What to do: Copy, word for word, the lines of the listing below from the line with "Image similar to" up to and including the line with "Prada Men's Black". Drop the pictures.

Given records:
Start of Block

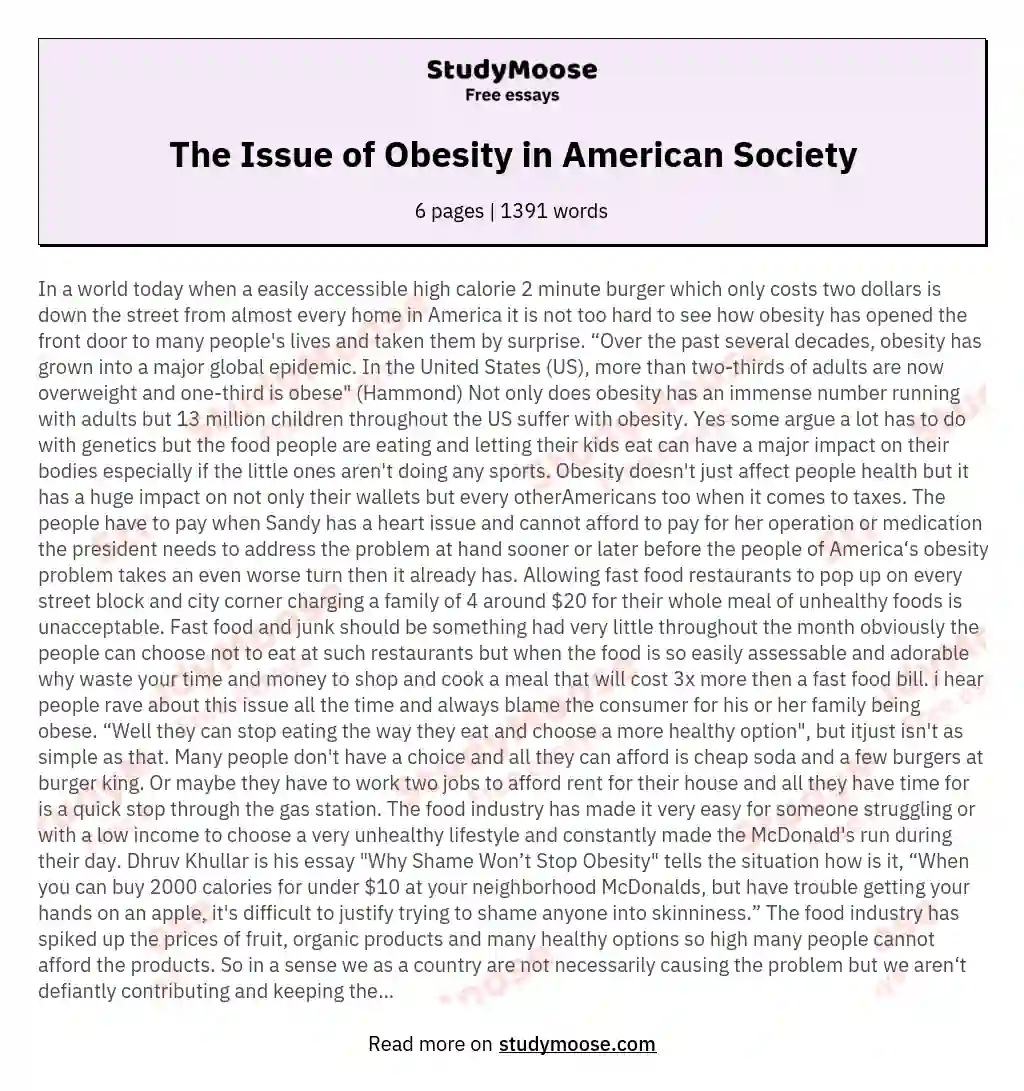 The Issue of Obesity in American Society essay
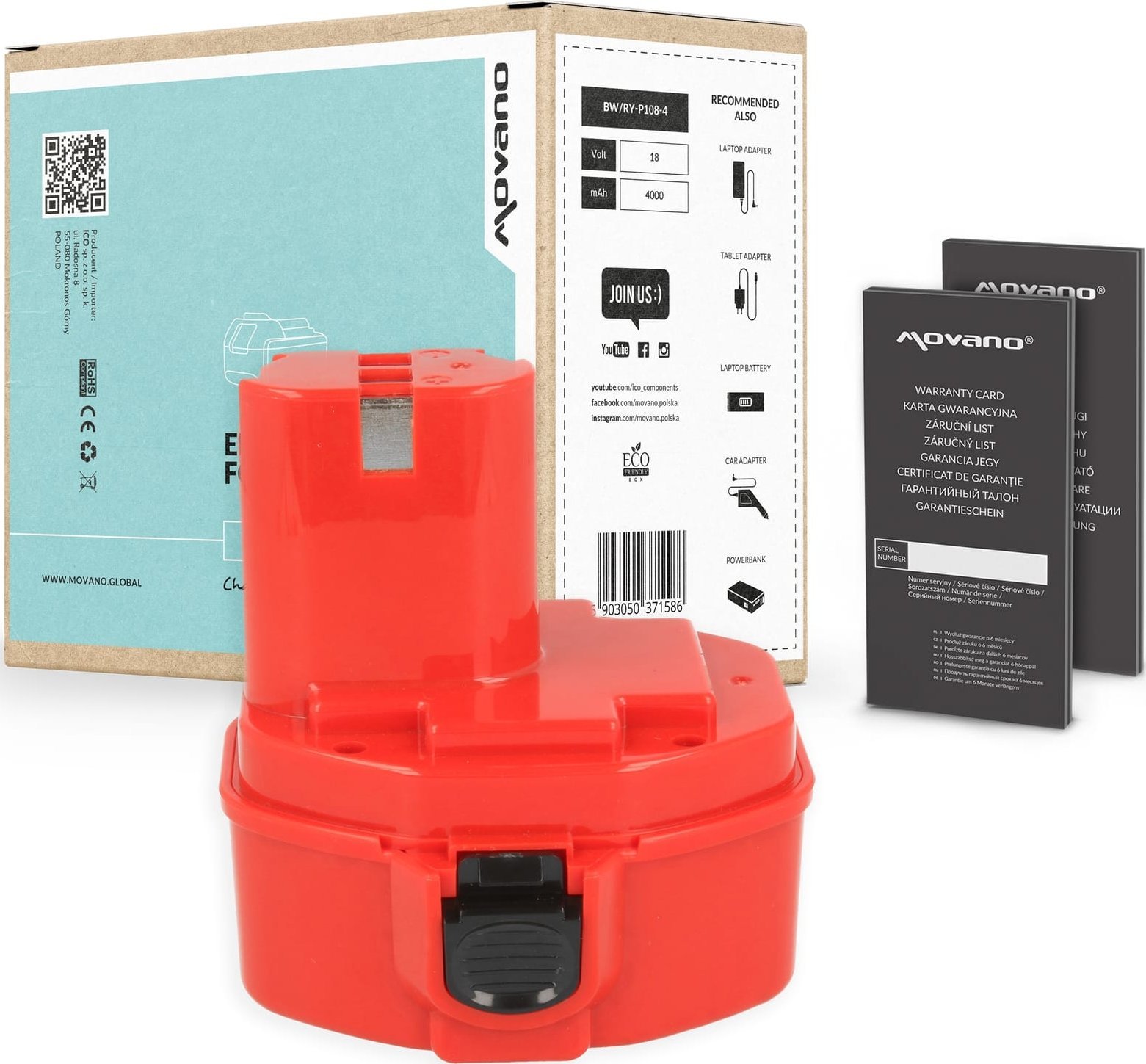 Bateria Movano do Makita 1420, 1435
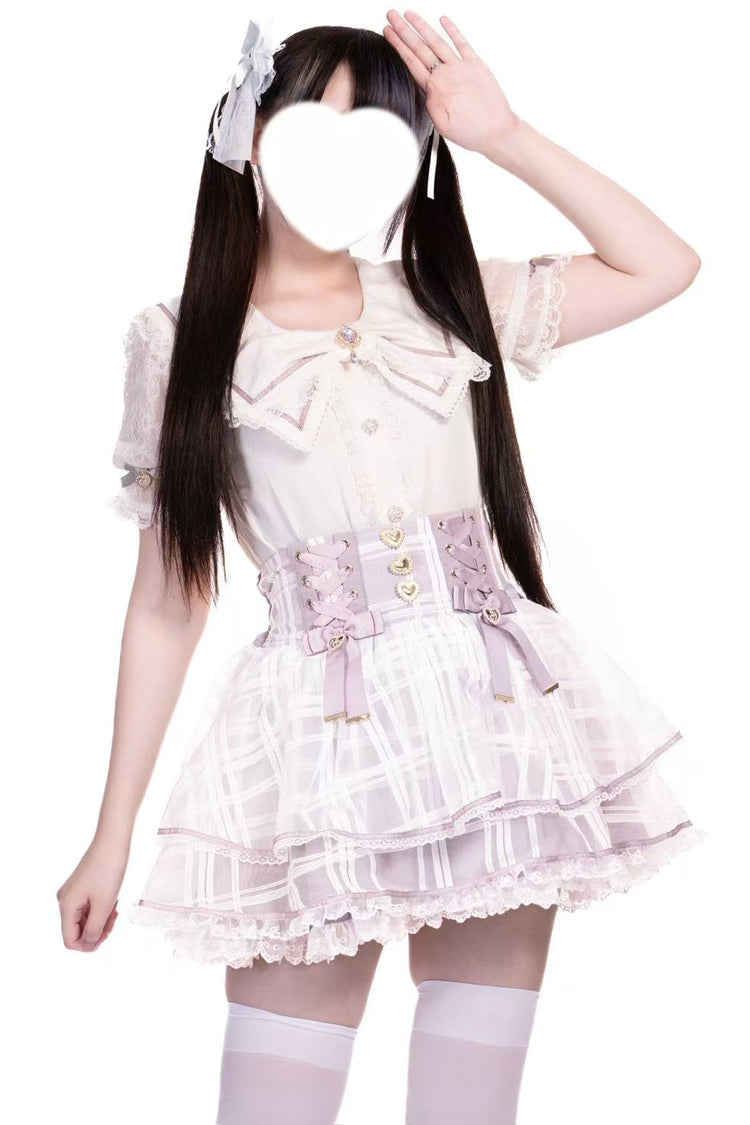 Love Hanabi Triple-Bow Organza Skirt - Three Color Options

End of Block
Start of Block

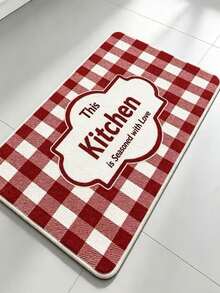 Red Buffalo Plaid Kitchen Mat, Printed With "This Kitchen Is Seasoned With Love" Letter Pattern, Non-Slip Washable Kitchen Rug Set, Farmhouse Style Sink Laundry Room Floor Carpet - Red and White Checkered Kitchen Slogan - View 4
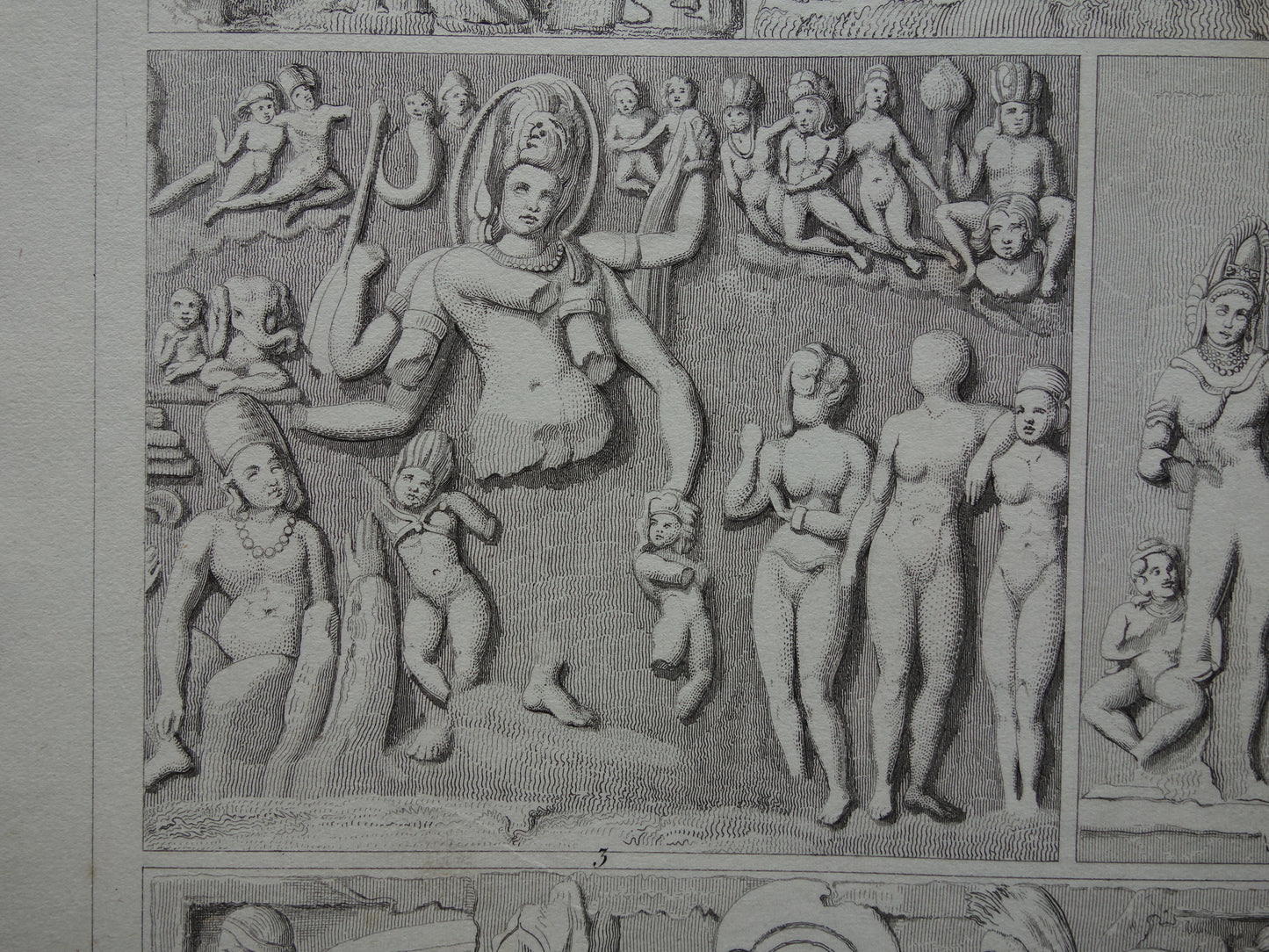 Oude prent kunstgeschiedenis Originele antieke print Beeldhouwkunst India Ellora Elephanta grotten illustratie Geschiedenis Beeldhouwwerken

End of Block
Start of Block

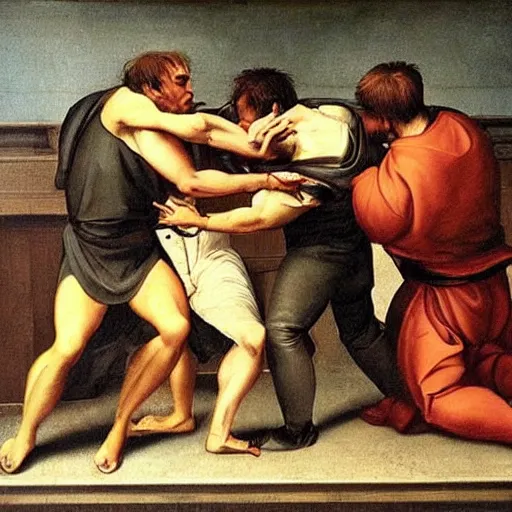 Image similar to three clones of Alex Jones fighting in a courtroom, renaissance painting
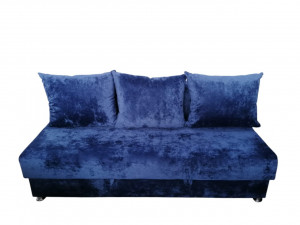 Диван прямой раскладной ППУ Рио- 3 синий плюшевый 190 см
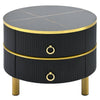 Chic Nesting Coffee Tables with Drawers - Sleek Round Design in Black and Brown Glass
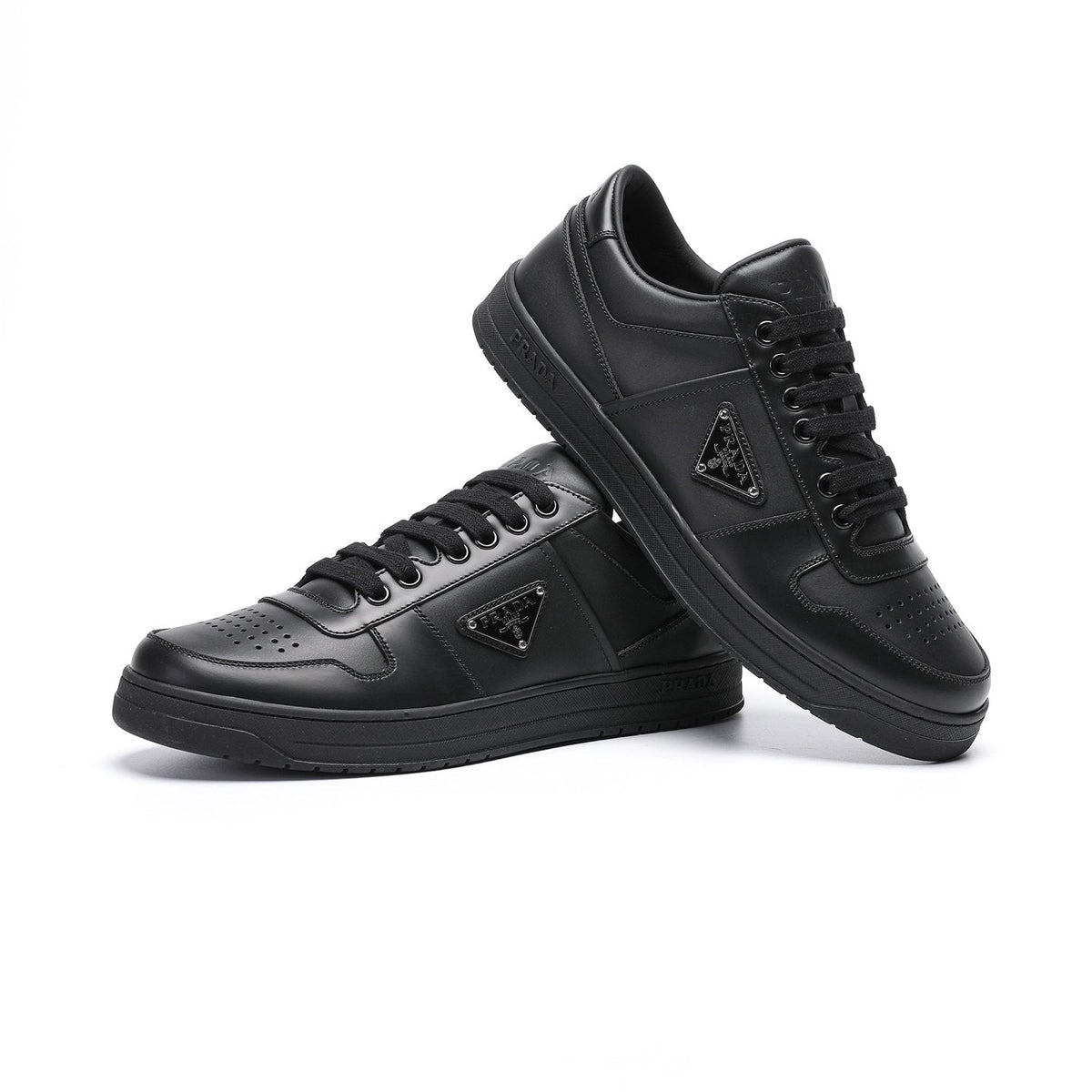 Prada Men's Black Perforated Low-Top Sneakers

End of Block

Written response:
 Image similar to three clones of Alex Jones fighting in a courtroom, renaissance painting
 Диван прямой раскладной ППУ Рио- 3 синий плюшевый 190 см
 Chic Nesting Coffee Tables with Drawers - Sleek Round Design in Black and Brown Glass
 Prada Men's Black Perforated Low-Top Sneakers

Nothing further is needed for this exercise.